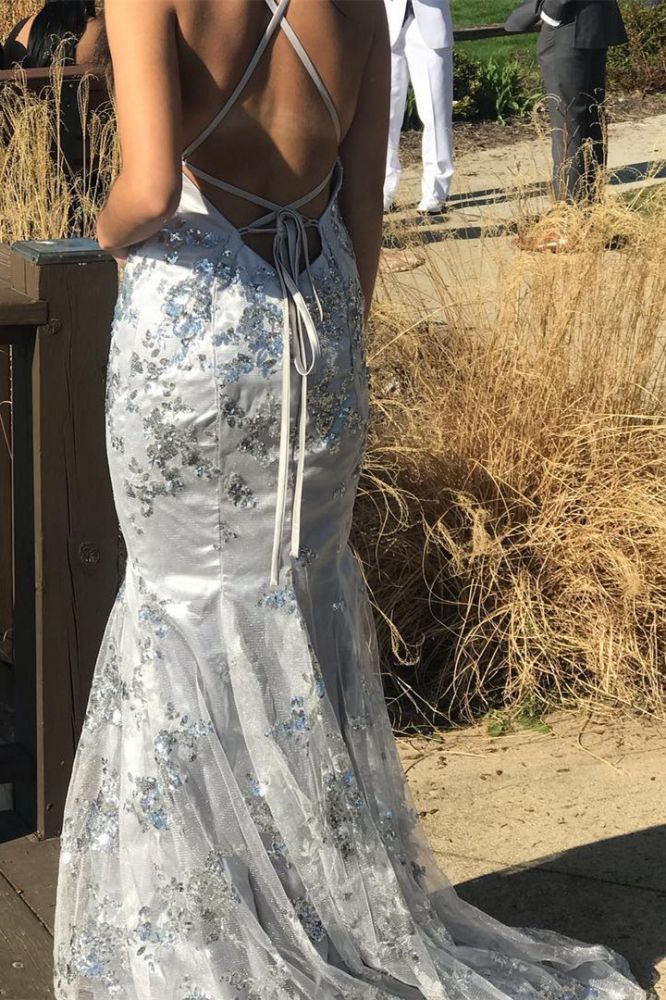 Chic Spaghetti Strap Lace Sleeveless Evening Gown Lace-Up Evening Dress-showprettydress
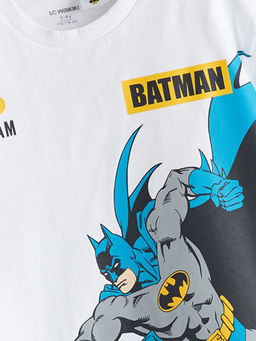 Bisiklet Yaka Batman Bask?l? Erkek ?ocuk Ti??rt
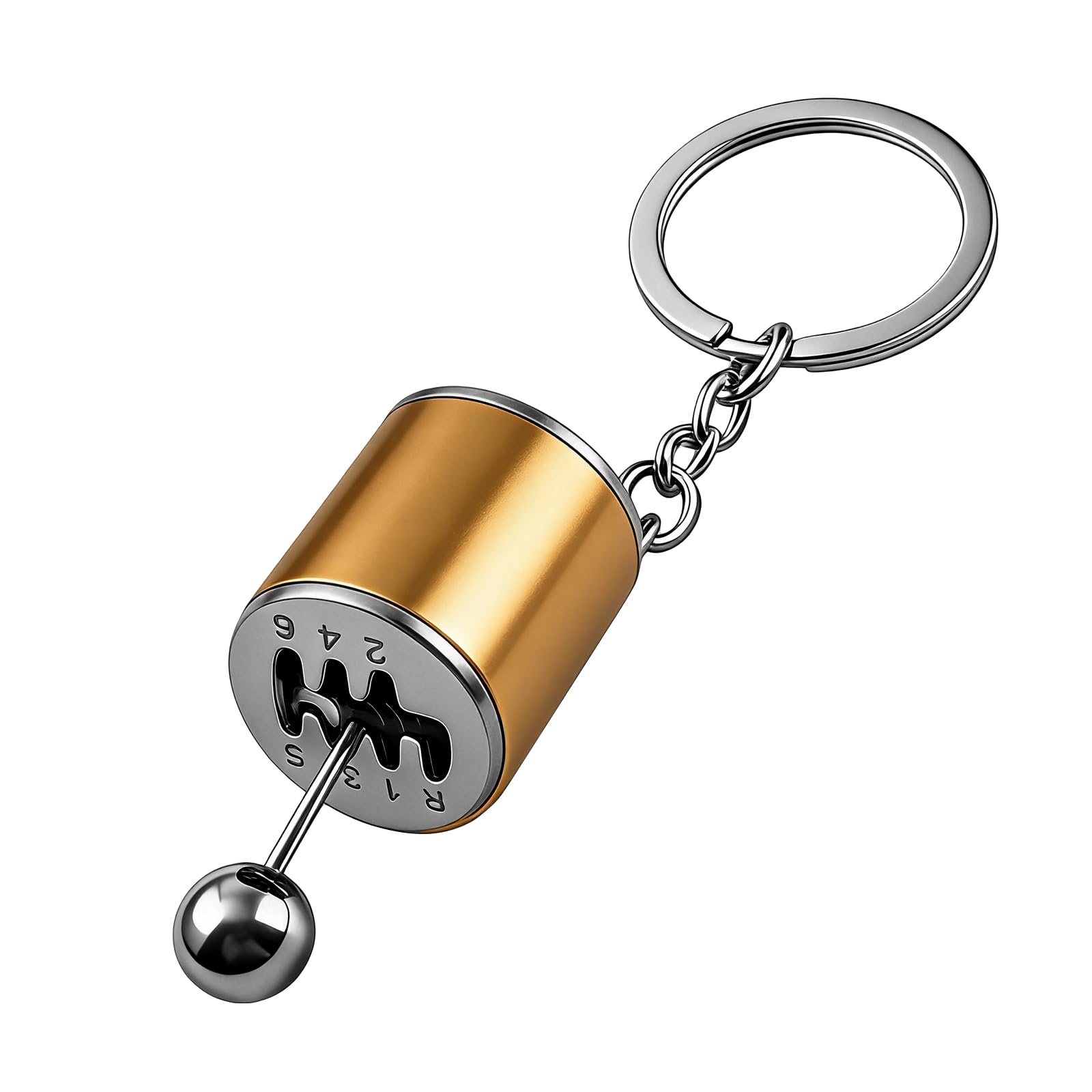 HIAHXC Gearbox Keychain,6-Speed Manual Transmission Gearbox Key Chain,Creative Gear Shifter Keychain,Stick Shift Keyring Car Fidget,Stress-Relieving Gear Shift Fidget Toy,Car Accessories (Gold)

### BRIEF
Leave the pictures out and retype only the lines from the line with "Bisiklet Yaka Batman" through the final line of the material, both ends included, word for word.

### RESPONSE AREA
 Bisiklet Yaka Batman Bask?l? Erkek ?ocuk Ti??rt
 HIAHXC Gearbox Keychain,6-Speed Manual Transmission Gearbox Key Chain,Creative Gear Shifter Keychain,Stick Shift Keyring Car Fidget,Stress-Relieving Gear Shift Fidget Toy,Car Accessories (Gold)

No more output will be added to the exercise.